Bisnis.com, JAKARTA - Kebijakan pendaftaran kartu prabayar dengan teknologi biometrik beresiko membuat laju pertumbuhan pelanggan operator telekomunikasi terganggu. Masih banyak pelanggan operator yang menggunakan feature phone atau ponsel tanpa kamera, yang tak mendukung sistem biometrik.
Ketua Program Studi Magister Teknik Elektro Institut Teknologi Bandung (ITB) Ian Yosef M. Edward mengatakan untuk mendukung sistem biometrik dibutuhkan ponsel pintar yang memiliki kamera atau pembaca sidik jari di bodi telepon seluler atau ponsel. Ponsel teknologi lama - ponsel yang hanya bisa SMS dan panggilan suara saja - tidak memiliki kamera, apalagi pembaca sidik jari.
Dia menduga jika sistem ini diterapkan, maka masyarakat yang tinggal di daerah pelosok tak bisa lagi menikmati layanan telekomunikasi, karena sistem ini secara otomatis akan mewajibkan siapa pun yang ingin berkomunikasi harus memiliki ponsel pintar.
“Kalau seperti itu yang paling senang vendor,” kata Ian, Kamis (22/7/2021).
Sebagai gambaran, PT Telekomunikasi Selular (Telkomsel) pada kuartal I/2021 memiliki jumlah pelanggan sebanyak 164,7 juta pelanggan. Dari jumlah tersebut diketahui sebanyak 114,8 juta pengguna merupakan pengguna layanan data.
Dari pencapaian tersebut, jika total pelanggan dikurang dengan jumlah pengguna data maka diperkirakan sebanyak 49,9 juta pelanggan merupakan pengguna layanan non-data (layanan SMS dan panggilan suara) atau pengguna ponsel teknologi lama.
Jumlah pengguna ponsel teknologi lama juga terdapat di operator lain, mengingat mereka masih memiliki Base Transceiver Station 2G, yang salah satu manfaatnya ditujukan untuk melayani pelanggan pengguna ponsel teknologi lama atau feature phone.
Di samping pengguna ponsel teknologi lama masih banyak, kata Ian, masyarakat juga belum percaya dengan teknologi biometrik.

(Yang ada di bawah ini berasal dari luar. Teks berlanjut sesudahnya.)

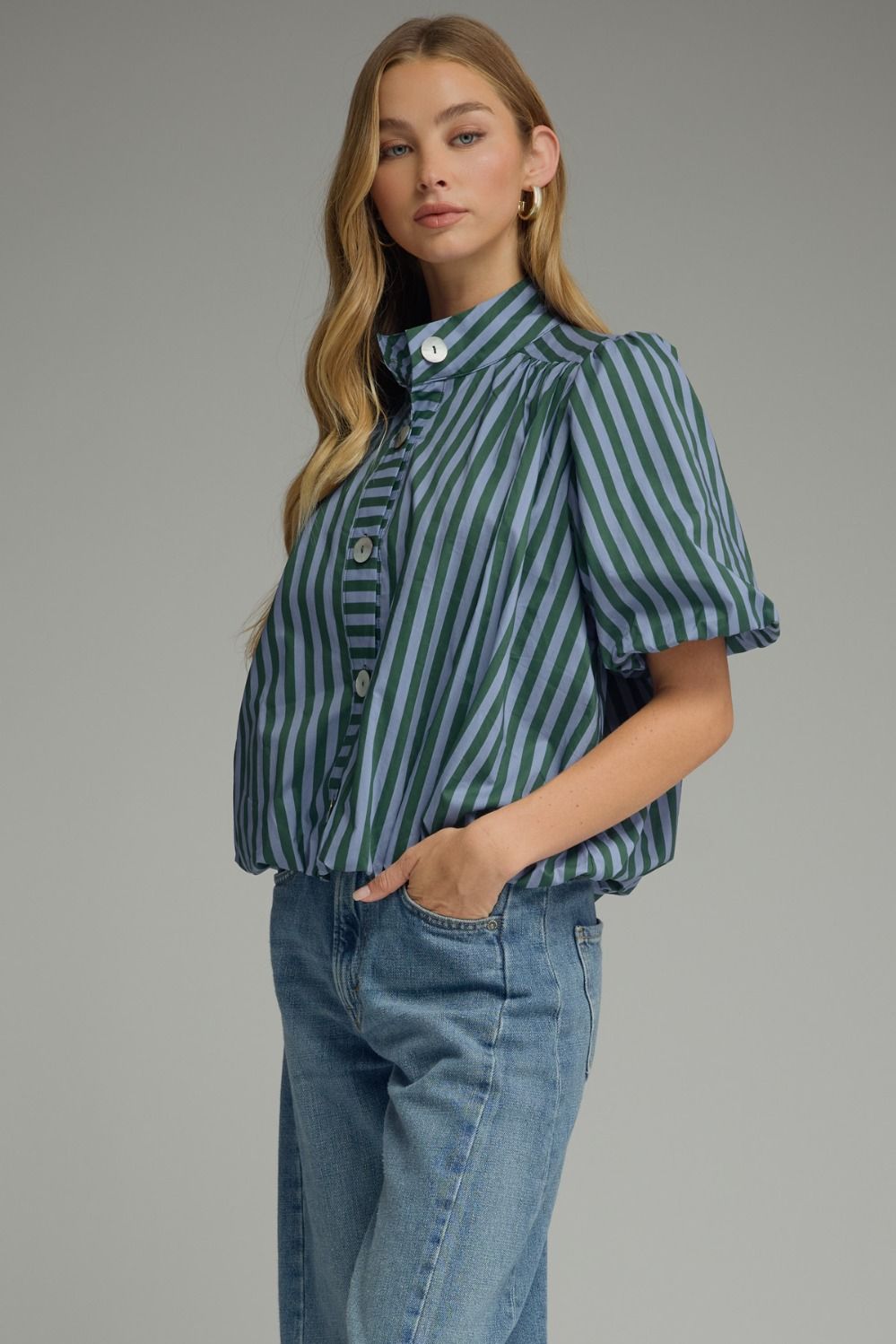 Hunter green stripe button front top with short puff sleeves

Masyarakat perlu diedukasi dan itu membutuhkan waktu.
Masyarakat masih khawatir wajah, sidik jari atau retina yang digunakan untuk mendaftar kartu prabayar bocor ke pihak lain dan disalahgunakan. Data biometrik memiliki tingkat kerahasiaan yang lebih tinggi dibandingkan dengan NIK dan NOK.
Dugaan kasus kebocoran data yang terjadi di BPJS Kesehatan - dengan jumlah data bocor sekitar 279 juta - menjadi salah satu kekhawatiran yang belum terobati hingga saat ini, karena kasus tersebut tidak selesai.
“Tidak semua orang mau wajahnya dikenali,” kata Ian.
Dari sisi operator, Ian menyimpulkan kebijakan ini juga akan memperlambat laju pertumbuhan pelanggan operator dan membuat investasi operator membengkak, karena mereka harus berinvestasi kembali untuk perangkat penyimpanan data.
Mengenai investasi tambahan, Sekjen Pusat Kajian Kebijakan dan Regulasi Telekomunikasi Institut Teknologi Bandung (ITB) Muhammad Ridwan Effendi mengatakan operator telekomunikasi harus menyiapkan tambahan database dengan kapasitas besar karena basis data bakal meningkat.
Metode pendaftaran dengan biometrik juga membutuhkan bandwidth komunikasi yang jauh lebih lebar dari proses pendaftaran dengan NIK yang sekarang cukup dengan SMS.
“Selain itu juga basis datanya untuk referensi seperti basis data di Dukcapil, apakah siap diakses oleh gerai operator di seluruh Indonesia atau tidak, kita belum tahu,” kata Ridwan.
Dia juga meminta pemerintah menjelaskan perihal ponsel yang digunakan. Apakah nantinya setiap orang atau nomor hanya boleh menggunakan satu ponsel saja atau tidak, mengingat sistem registrasi biometrik mirip dengan sistem pembuatan akun nasabah di bank.
Menurut Ridwan sangat sulit satu nomor atau satu ponsel hanya digunakan untuk satu orang. Dalam belajar jarak jauh saja masih banyak murid orang tua yang meminjamkan ponsel kepada anak-anak mereka. Dengan sejumlah permasalahan yang muncul tersebut, Ridwan mengusulkan agar peraturan menteri tersebut dicabut.